Colorado woman guilty of cutting baby from stranger’s womb

BOULDER, Colo. — A Colorado woman who prosecutors said was obsessed with having a baby and concocted elaborate lies to convince those close to her that she was pregnant was convicted Tuesday of cutting a nearly 8-month-old fetus from a stranger’s womb.

The case against Dynel Lane, 36, who lured Michelle Wilkins to her home with a Craigslist ad for maternity clothes, attracted international attention and reignited a national debate over the legal rights of fetuses.

Jurors convicted Lane of attempted first-degree murder, assault and unlawful termination of a pregnancy in the March 2015 attack on Michelle Wilkins. Prosecutors say they were not able to charge her with murder in the death of the unborn girl because a coroner found no evidence the fetus lived outside the womb.
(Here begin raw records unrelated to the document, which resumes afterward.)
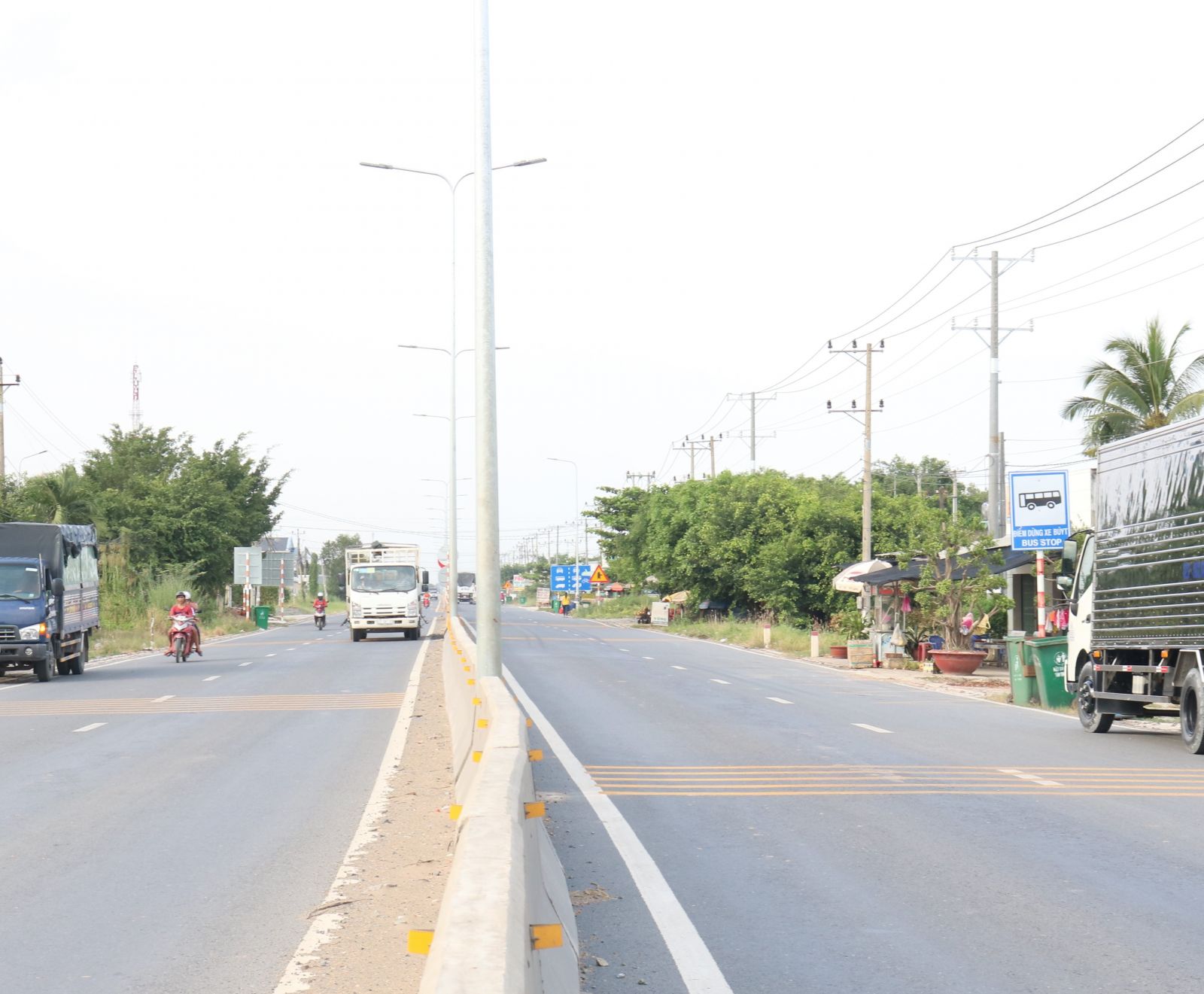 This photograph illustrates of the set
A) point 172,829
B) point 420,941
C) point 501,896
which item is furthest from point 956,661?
point 501,896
Wilkins, 27, said she thought of the child she had planned to name Aurora as she sat in the courtroom, clasping the hand of her father, Mark Wilkins.
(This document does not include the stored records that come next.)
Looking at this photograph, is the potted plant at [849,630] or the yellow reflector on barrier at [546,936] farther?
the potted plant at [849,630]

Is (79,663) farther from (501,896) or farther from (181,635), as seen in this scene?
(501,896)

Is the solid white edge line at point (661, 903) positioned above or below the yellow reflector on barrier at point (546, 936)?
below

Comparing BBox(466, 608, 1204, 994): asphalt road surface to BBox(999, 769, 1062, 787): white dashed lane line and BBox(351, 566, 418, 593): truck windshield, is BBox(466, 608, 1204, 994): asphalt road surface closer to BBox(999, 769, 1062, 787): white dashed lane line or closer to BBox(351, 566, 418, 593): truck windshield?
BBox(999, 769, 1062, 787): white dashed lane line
The verdict “felt like a triumph for justice, for Aurora, for myself and the community,” Wilkins said, who was composed in court but had to pause to gather herself several times while talking to reporters.

“I do not hate Dynel,” Wilkins said. “But I am angry for all the pain she has caused, the deceit and for her selfishness.”
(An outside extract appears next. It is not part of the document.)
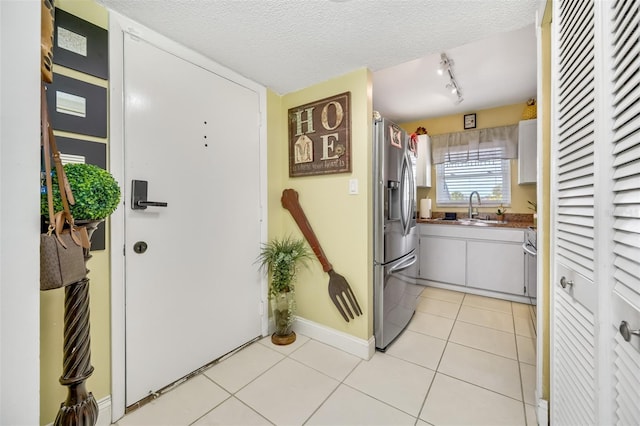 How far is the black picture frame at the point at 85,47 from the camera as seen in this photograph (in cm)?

Lane sat straight and quiet next to her public defenders as the judge read the verdict from the jury of seven women and five men who deliberated for about seven hours over two days. Judge Maria Berkenkotter ordered her held until sentencing, set for April 29.

She could face a prison sentence between 16 and 120 years, District Attorney Stan Garnett said after the verdict. He said he had not yet decided what sentence to seek.

Garnett said he could not charge Lane with murder for the death of a fetus, which led Colorado Republicans to introduce legislation that would have allowed him to do so. But Democrats rejected the measure.

It was the third time such a proposal failed in Colorado, setting it apart from 38 states that have made the killing of a fetus a homicide over the objection of many abortion-rights supporters.

Lane’s attorneys left court without commenting. During the trial, they did not dispute that she attacked Wilkins but argued there was no evidence it was a calculated murder attempt. They said the assault was haphazard and impulsive and urged jurors to convict Lane of the lesser charge of attempted manslaughter.

Lane had posted online photos of herself with a distended belly and sent the man she said was the father of her child ultrasound images downloaded from the Internet. David Ridley, who lived with Lane and her two daughters, testified at trial that Lane claimed for more than a year that she was expecting a boy, whom they planned to name James. Friends even threw a baby shower.

Ridley had grown suspicious by the time Lane lured Wilkins to her Longmont home. Wilkins testified that they chatted for about an hour before Lane hit, pushed and tried to choke her, then used two kitchen knives to cut the baby from her womb.

When Ridley came home early from work that day to meet Lane for a doctor’s appointment, he said he found the fetus in a bathtub and drove the child and Lane to a hospital, where she begged staff to save her baby.

Lane said nothing to Ridley about Wilkins, who was unconscious at her home. Wilkins regained consciousness and called police.

In 2002, Lane’s 19-month-old son drowned in what investigators ruled was an accident.